The domino effect knocked down entire value chains of spare parts providers, services subcontractors and distribution networks. If it wasn’t clear before – the pandemic exposed the over-flexed and complex value chains. The historical shift of manufacturing moving far and wide after cheaper labour suddenly became a burden.
Governments’ decisions on subsidiary policies brought some unexpected competitive advantages to the market, as the support companies received varied greatly. Some have trusted the market-based model, while others have dished out loans, loan guarantees and capital injections for distressed companies.
Four risks in trade that landed with the pandemic:
- Reduced global demand
- Severe supply chain disruptions
- Demand for new operating models, physical distancing
- Variety in governmental support
Interestingly enough, there is one thing in common between those companies that pivoted more quickly and smoothly through the disruptions created by COVID-19 – the early adoption of the 4th industrial revolution models.
Faster growth than ever before
The crisis can be an opportunity for those that are able to innovate and change course rapidly. It also gives a great stress test for the early adopters who have before-hand twisted their operating models and invested in new value added models and technology.

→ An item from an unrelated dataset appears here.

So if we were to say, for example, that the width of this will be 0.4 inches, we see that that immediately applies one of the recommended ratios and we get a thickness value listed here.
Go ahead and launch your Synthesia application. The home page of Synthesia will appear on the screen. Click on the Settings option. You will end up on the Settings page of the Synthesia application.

Thanks to the onset of 4IR, two out of four of the risks mentioned above can be greatly reduced. Confluence of software, hardware and machine-human interaction give answers to physical distancing. Proactive deployment of automation technologies, e.g. industrial internet of things, collaborative robotics or autonomous materials movement can decrease worker density throughout operations as well as reallocate workforce for analytics and innovation.
With the adoption of 4IR models like cloud computing software, machine learning, robotics & cobotics, autonomous materials movement and 3D printers, many supply chain risks can be significantly lowered:
- Decentralized manufacturing closer to demand
- Better adapting to “just-in-time” production and inventory
- Less components and raw materials per product
- More economies of scope with the same amount of SKUs
- Better quality control
In addition to direct effects of the pandemic, there is another battlefield with the fight to stop global warming. The EU Commission’s proposal to cut greenhouse gas emissions by at least 55% by 2030 puts Europe on a responsible path to becoming climate neutral by 2050. This is an ambitious goal in line with the Paris agreement 1,5 degree target. Companies in all fields of operations will need to evaluate their emissions and set a plan to decarbonize according to European Green Deal. 4IR models will bring competitive advantages in sustainability with e.g. increased efficiency, circular use of resources and optimised logistics.
The pandemic has changed everything and at the same time shown our incredible ability to adapt. If this crisis is the positive nudge to adopt the next revolution, we’ll take it. The future came sooner than we thought – the time to invest and ride the wave is now.